● REQUIREMENT
All lines from the line containing "Old metal plate in the shape of a shell." up to and including the last line of the listing below should be echoed exactly; no other lines belong in the response.
————————
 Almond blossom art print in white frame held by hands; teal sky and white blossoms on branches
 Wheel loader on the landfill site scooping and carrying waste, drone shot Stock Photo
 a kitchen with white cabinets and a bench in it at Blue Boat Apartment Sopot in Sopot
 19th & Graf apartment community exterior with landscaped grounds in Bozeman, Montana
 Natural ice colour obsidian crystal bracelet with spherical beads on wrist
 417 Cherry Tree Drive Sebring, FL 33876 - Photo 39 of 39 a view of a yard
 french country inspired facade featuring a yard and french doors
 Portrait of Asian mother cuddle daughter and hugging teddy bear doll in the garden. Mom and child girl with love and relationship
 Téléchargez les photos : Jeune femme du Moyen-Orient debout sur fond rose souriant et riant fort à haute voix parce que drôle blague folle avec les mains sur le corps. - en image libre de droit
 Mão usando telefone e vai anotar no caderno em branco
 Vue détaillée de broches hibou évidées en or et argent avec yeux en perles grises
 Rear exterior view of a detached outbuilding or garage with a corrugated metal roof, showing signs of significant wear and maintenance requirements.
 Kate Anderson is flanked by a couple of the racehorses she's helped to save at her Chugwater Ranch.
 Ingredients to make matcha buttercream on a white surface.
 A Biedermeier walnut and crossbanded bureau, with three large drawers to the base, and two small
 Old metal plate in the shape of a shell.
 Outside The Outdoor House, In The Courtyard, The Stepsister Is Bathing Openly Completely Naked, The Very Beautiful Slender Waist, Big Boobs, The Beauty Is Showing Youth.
————————
● EXERCISE ANSWER
 Old metal plate in the shape of a shell.
 Outside The Outdoor House, In The Courtyard, The Stepsister Is Bathing Openly Completely Naked, The Very Beautiful Slender Waist, Big Boobs, The Beauty Is Showing Youth.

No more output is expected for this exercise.